Mais que se serait-il passé si la France et les Pays-Bas avaient voté deux semaines plus tôt, si le large recours au vote par correspondance n’avait pas gelé le résultat avant la poussée de fièvre franco-hollandaise?
La réponse à cette question ne faisant guère de doute, cela me permet de revenir sur la critique de la démocratie directe esquissée, au grand dam de lecteurs qui me l’ont fait savoir, dans ma dernière chronique.
Quelle meilleure condamnation de la pseudo démocratie référendaire qu’un vote qui peut varier radicalement en quelques jours sous l’influence de scrutins organisés ailleurs, pour d’autres raisons, sur d’autres sujets? Il est peut-être nécessaire de recourir de temps à autres et sur des questions clairement ciblées à des scrutins populaires, mais l’usage qui en est fait de nos jours en Suisse est démesuré. Et dangereux.
Le danger vient du renforcement de plus en plus évident du populisme. Le populisme signifie porte ouverte à tous les opportunismes. Il implique la mise sous pression permanente du peuple par sa mobilisation sur de faux problèmes habilement présentés comme essentiels. Ainsi, les arguments utilisés par Blocher et les siens sur Schengen, à propos du développement de la criminalité par exemple, étaient archifaux.

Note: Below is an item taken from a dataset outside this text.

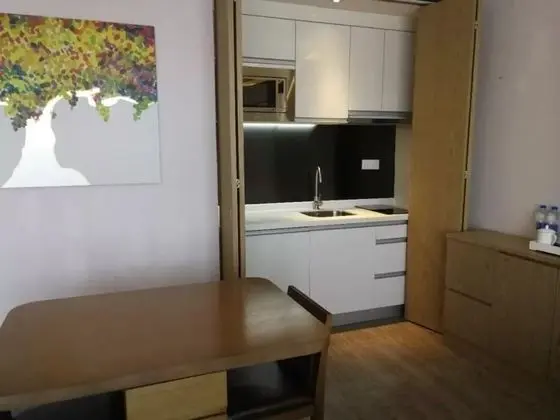 Deluxe Tek Büyük Yataklı Oda, Balkon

Et ceux qu’ils vont utiliser pour la campagne qui commence des aujourd’hui en vue de la votation du 25 septembre s’annoncent tout aussi fallacieux. Je vois déjà d’ici les chiffres monstrueux nous mettant en garde contre l’invasion des redoutables plombiers polonais, contre les criminels tchèques et les prostituées slovaques. Le pire dans les campagnes politiques de ce genre est qu’elles sont avilissantes et qu’elles finissent par contaminer leurs contradicteurs par leur bassesse.
L’autre manière populiste de maintenir la pression est la campagne en cours pour exiger du Conseil fédéral qu’il retire la demande d’adhésion à l’Union Européenne déposé en 1992. Christoph Blocher ne supporte toujours pas que cette lettre dorme dans un tiroir bruxellois. S’il pouvait la prendre et la faire brûler publiquement par un bourreau fédéral sur la prairie du Grütli, il le ferait certainement avec plaisir.
Au vu de la cacophonie qui règne actuellement au niveau européen, il n’est d’ailleurs pas exclu qu’il parvienne à ses fins. Le cri de colère gaulois a ouvert une brèche par laquelle s’engouffrent tous les insatisfaits du continent. On apprend ainsi qu’un document allemand très secret (?) propose le retour au Deutsche Mark.
En Italie, les léguistes d’Umberto Bossi n’ont pas cette discrétion: c’est en hurlant qu’ils réclament le retour à la lire – vous vous en souvenez certainement, c’était cette bonne vieille monnaie que les gouvernements faisaient valser aux mieux de leurs intérêts électoraux.
Quant à Gianfranco Fini, l’ancien dirigeant post-fasciste converti à la droite nationaliste et devenu ministre des Affaires étrangères, il a déjà trouvé deux raisons d’opposer son veto au futur budget européen: il ne faut pas que Bruxelles sucre un peu les subventions pour le Mezzogiorno (c’est-à-dire, en gros, pour la mafia) et, surtout, qu’on ne mette pas en cause le déficit de l’Etat italien.
De la routine, pourrait-on penser. Certes, mais il convient de ne pas oublier une chose. Cette Europe bougonne, cette Europe en crise, cette Europe en quête d’identité est encore dirigée par des hommes – Blair, Chirac, Schröder – qui, sans être de grands europhiles, ont tout de même dû montrer patte blanche pour se faire élire.
Leurs successeurs de demain – les Brown, Sarkozy, Merkel – font déjà savoir que leur credo n’est pas l’Europe mais le libéralisme. C’est dire que nous sommes encore loin de la création d’Etats-Unis d’Europe capables de tenir la dragée haute aux Etats-Unis d’Amérique.
Heureusement que pour adoucir nos jours et nos nuits, nous avons désormais la possibilité de nous pacser.